What I realized is that I'm spending a whole lot of time wiping down countertops and making things clean, at the expense of my children. I really had to sit back and ask myself, "Am I wiping countertops for four hours per day (exaggerated for dramatic effect) because I'm a neat freak, or am I endlessly cleaning because it's an excuse to not engage?" Then, I have to follow that up with, "Do I not want to engage, or do I not know how to?" This leads me further in, "Am I afraid to engage?" "Is my need for perfection or, more accurately, my fear of a lack thereof, keeping me from checking in?" I also noticed an underlying fear of changing and what that might entail.

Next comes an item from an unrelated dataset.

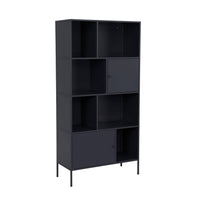 Credenza industriale in metallo con 8 scomparti, nero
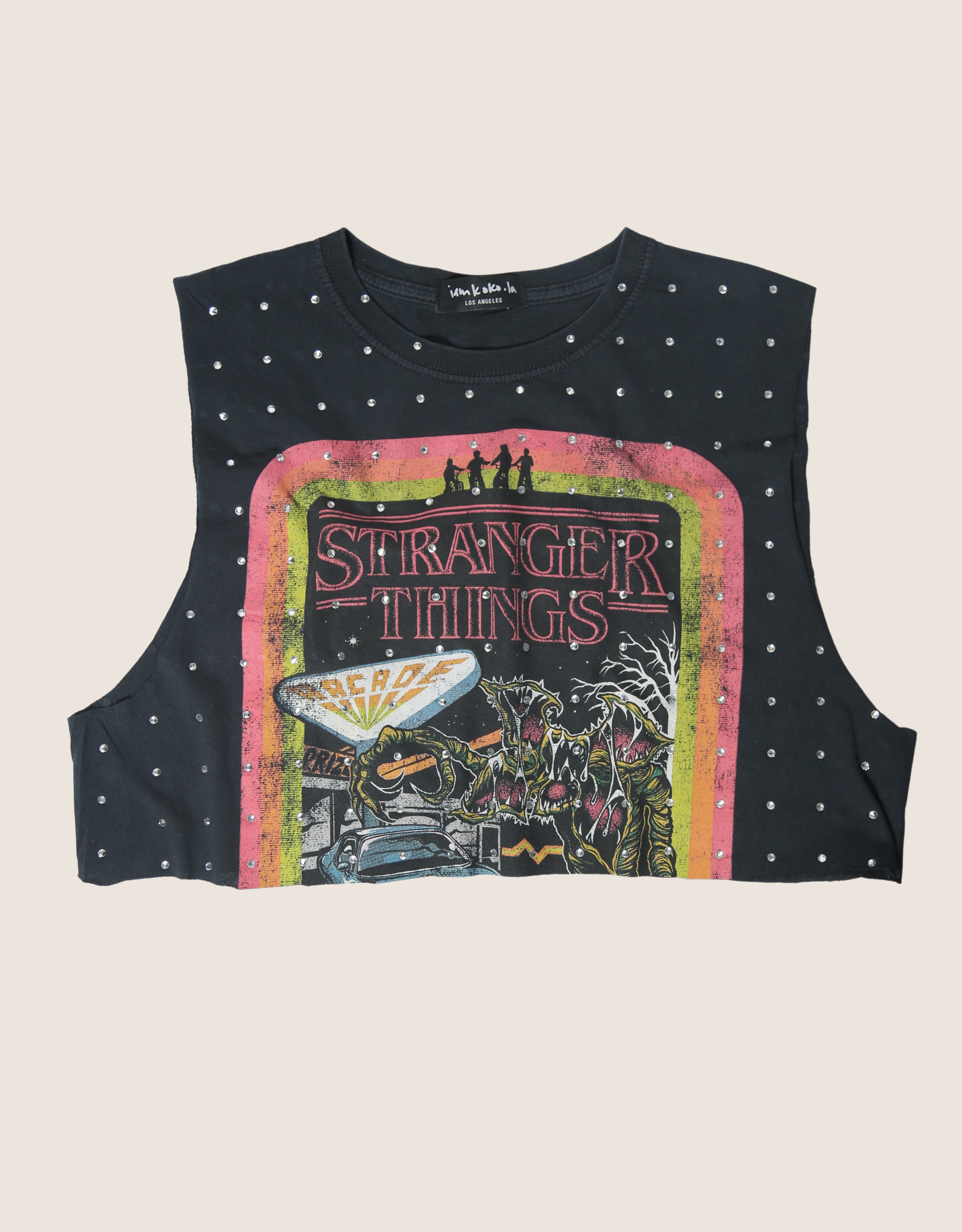 stranger things rhinestone muscle tank (s/m)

For me, it all comes back to that vulnerability. It's diffusive. If my image doesn't project like I've got it all together, then what will people think of me? More importantly, what will I think of me? Will I feel weak, not good enough, not worthy? 

We both know that no one really cares about my house being tidy or meticulously decorated. Sure, they notice, but it's probably not a major factor in whether or not I'm considered likeable. The only person who is judging me is ME.

And, watching this family interact, I was judging myself, hard. But, this judgment felt like it had merit. It reminded me that my current parenting priorities aren't very authentic. They're coming from a place of feeling like I'm not enough. A place where I have to control my environment to feel adequate. And, some of it isn't about vulnerability at all, but is born out of a simple need for an example of how to be a more present parent.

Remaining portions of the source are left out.